Comprehensive Summary
This study, presented by Hashtarkhani et al., examined the application of machine learning models (ML), specifically natural language processing models (NLP), on determining cancer diagnoses based on electronic health records structured as ICD-codes and free text. Using patient records (n = 3456), the researchers pulled 762 distinct diagnoses that were categorized into 14 classes of which 326 were ICD-coded and 436 were free text (i.e. doctors charting). GPT-3.5, GPT-4o, Llama 3.2, Gemini 1.5, BioBERT were machine learning models tested on the EHR data while oncology experts also evaluated the outputs. In terms of ICD-codes, BioBERT had the highest mean precision and recall score (F1 = 84.2) while GPT-4o had a higher performance than BioBERT (weighted F1 = 71.8, weighted F1 = 61.5) when categorizing free-text diagnoses. BioBERT’s accuracy for both ICD-codes and free-text were 90.8% and 81.6% respectively.
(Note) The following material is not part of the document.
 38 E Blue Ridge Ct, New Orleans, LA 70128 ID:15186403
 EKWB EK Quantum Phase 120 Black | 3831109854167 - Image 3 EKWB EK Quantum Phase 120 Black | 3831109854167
Hashtarkhani et. al note that while the cancer diagnosis categorization by AI/NLP models could be used for administrative tasks or research, the technology is not yet so advanced as to be used in clinical practice.
Outcomes and Implications
An aid for cancer diagnosis or a reliable tool to further assist physicians in classifying cancers is a positive contribution to the medical field and can help further research initiatives. However, EHR data is often inconsistent and documentation often is unique to each physician thus AI/NLM models could so far be unreliable for use on a mass clinical basis.